📚 Reading without purpose, Revisiting history, Map the picture & Memory dividends
Plus a lot of fun finds to bring more cheer in the festive season
Hi & welcome to the post #138.
This is the last post for the year 2023. Current trends suggest that I should do a ‘rewind’ of sorts. But I’m too lazy for that, so I am going to try something different (and easier).
Over your journey with “Stay Curious” this year, If you liked, shared or saved any piece, please share it in a comment below & help others revisit it. If you can tell us “why did you like it?” as well, it will be like a cherry on the cake.
I will continue curating novel ideas like I have been doing for the last 137 weeks. Just one change for this week, I will focus more on fun & interesting things to keep up with the holiday spirit.
Sounds good?

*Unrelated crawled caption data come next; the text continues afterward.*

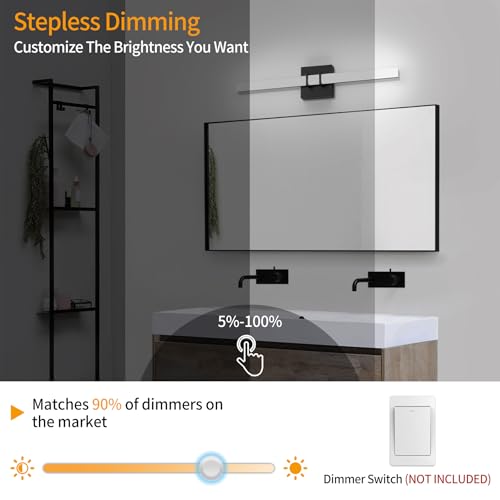 Modern Black Vanity Light Bar 24 Inch, 16W 5CCT Dimmable Bathroom Light Fixtures LED Wall Lighting Fixture - color: Black, size: 24 inch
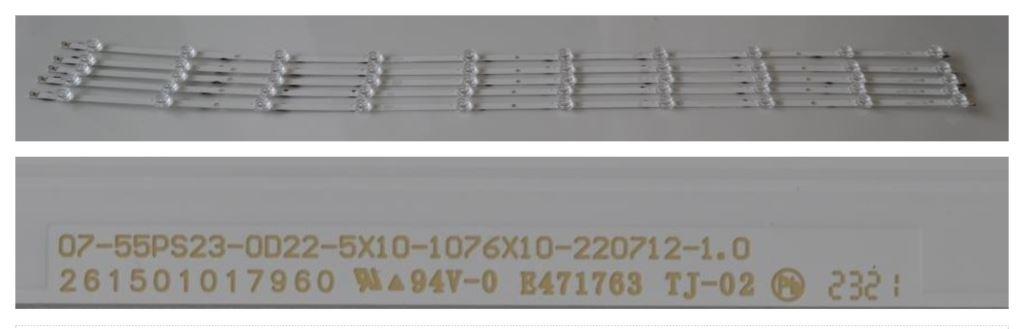 LB/55INC/PH/55PUS8118 LED BACKLAIHT,07-55PS23-0022-5X10-1076X10-220712-1.0,5x10 diod 1075mm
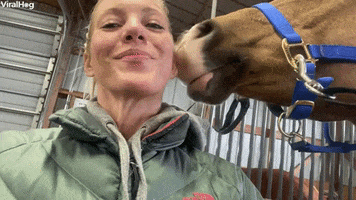 Video gif. A woman smiles and laughs at us as a horse wiggles his nose against her ear to tickle her. 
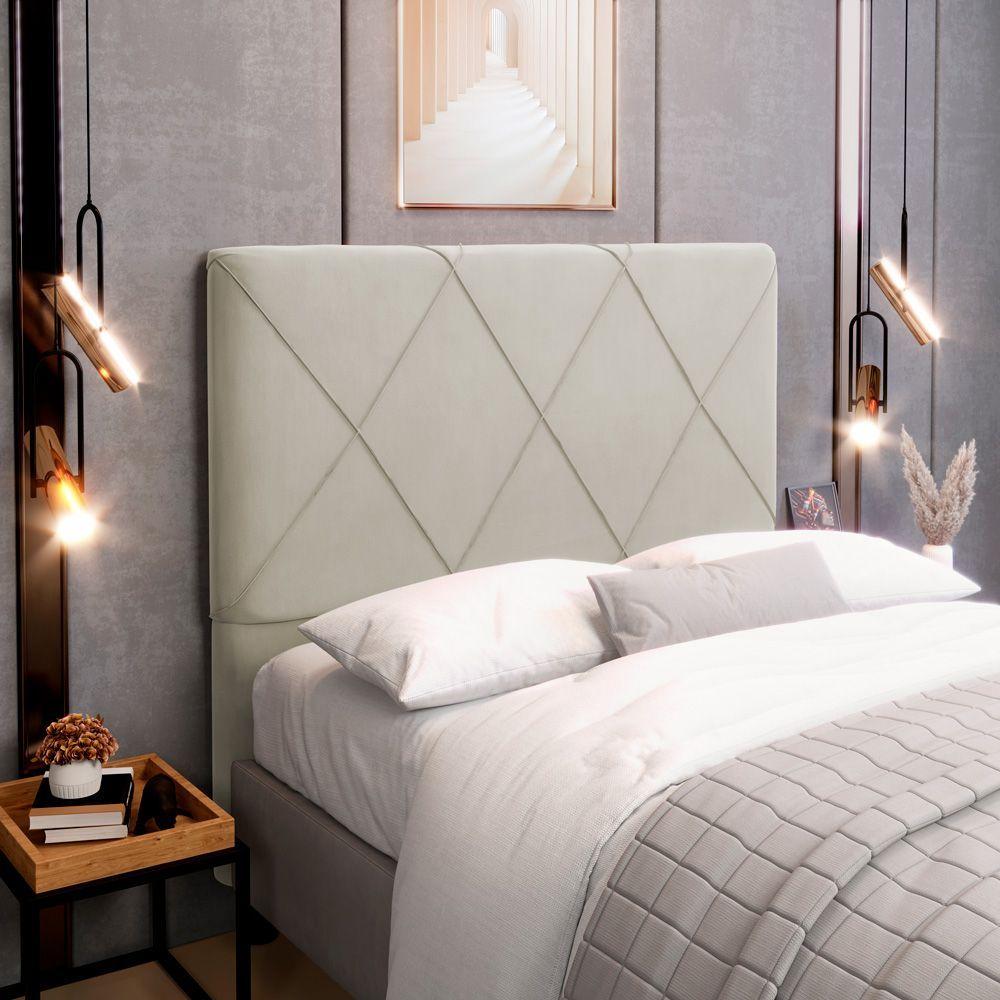 Miniatura Cabeceira Cama Box King Dubai 195cm Veludo Bege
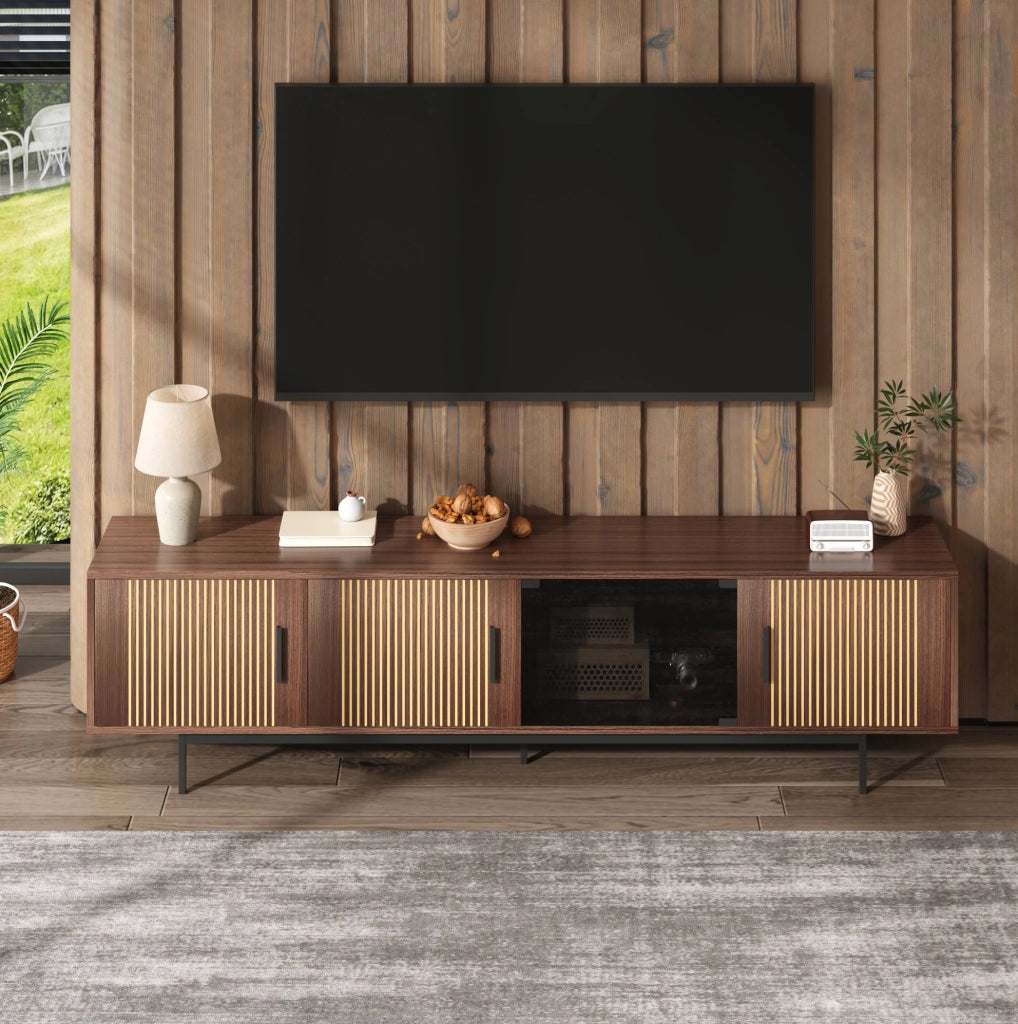 Mobile TV moderno 200x35x53 cm con striscia LED Bluetooth; nero e noce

So why don’t you go first and comment away your best picks from the last year.
And then, enjoy the best finds of this week from the pile below.
1. Without Purpose
Christopher Nolan reads without purpose. Somewhere this newsletter has a similar spirit, there is a lot of wandering, exploration and some chance discoveries. Maybe I will find a ‘purpose’ in the process. Maybe.
I think one of the most important, and difficult, challenges of work — if not of life in general — is striking a balance between focusing your attention on what’s right in front of you and remaining open to new possibilities. I also think it becomes pretty easy, especially as we get settled in routines, to let the oppenness1 part of that balance slip silently away.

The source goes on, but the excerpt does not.